Tuesday, July 12, 2011

Quick overview..well not so quick. :)

Hey everyone, sorry I've been a bad updater...haha. Well my summer has been quite full of things to do and NO time to spare. So here we go..
I've decided that not only does God want me to be here at this camp, but is using me in sooo many ways. The Lord is literally taking my life apart piece by piece and fixing me to look more like Him.
          First session I came into this camp thinking I was the big dog. Blessed to be there but my head in the clouds. I'm sure God looked at me and said..You know Emmaline, I'm gonna teach you some humility. So He put me as an assistant for the one girl I thought I was better than. I learned real fast that I loved this girl and loved just helping out instead of being the "boss". Soon I realized how thankful I was not having to deal with all the stress Sarah did. 
           Second session I was promoted to the top. I had learned humility and God had blessed me big time. I loved getting to be over it all by myself and gained the respect of my kids, yet I had made such a close relationship with each one. I loved them all so much! One girl that was in my equestrian program is even bringing her family back to meet me and take me to dinner this weekend! :) I fixed her position so much when she got home to take lessons again, her instructor noticed. But all wasn't just perfect that session...trust me. Here God comes in again. He put me with the hardest cabin of girls AT CAMP. Patience. I learned patience like no other.

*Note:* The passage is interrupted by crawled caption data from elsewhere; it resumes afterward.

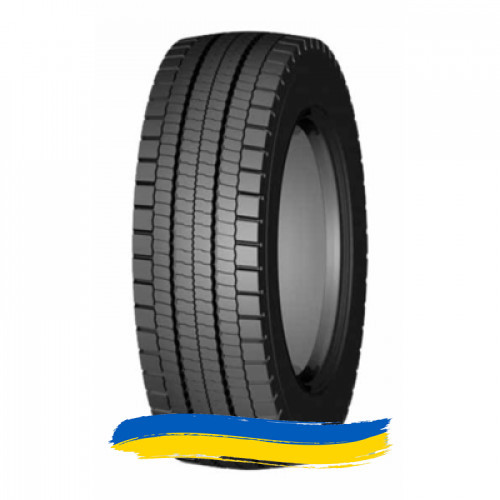 315/70R22.5 Jinyu JD565 156/150L Ведуча шина Ивано-Франковск - изображение 1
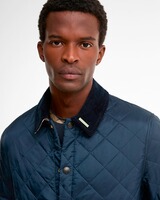 Steppjacke Icons Heritage Liddesdale, Barbour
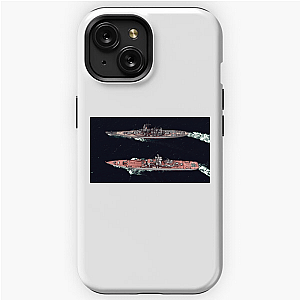 The Ocean Obeys Sea Power Sea Power Samsung Cases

These girls were probably the hardest test I could take at the time. First session I was put with the most wonderful girls that counselors THIS session still talk about how great they were. So it was tough to love these girls after my first go 'round. I even pushed the possibility of me ever loving them at first. But it came and I really got to loving each girl and they're imperfect and wild selves. 
            Third session. This session I've really come to realize how much God is putting into me. What else could I run into? I've had the low job, bad campers..what more? Well..There is plenty! Sarah is now back over me and I'm thinkin' she must have pressure on her now. Not sure why? Well, she snaps on me daily  and to be honest, I wasn't quite sure how to take it at first. She had come from this sweet and good friend to an enemy for no reason. She wouldn't even let the kids ride my horse, who I'm being paid for to be used by campers. Then it came to me..Forgive and forget. And of course, love always. So I have taken what she dishes out everyday but I just forgive her and love her with my whole heart. It's so neat how everything you do is like a domino effect. You don't realize how kids (and other adults) soak up everything you do and say. Though Sarah doesn't let me help, still won't use my horse, and has the occasional snap, her general attitude had softened. 

God is truly amazing is every last thing He does. He works in each and everyone of your lives and you may not even know it.  So here is a verse that has just popped out for me.. 
"Trust in the LORD with all your heart and lean not on your own understanding; in all your ways submit to him, and he will make your paths straight."  Proverbs 3:5-6 

Hope all your summers are going great!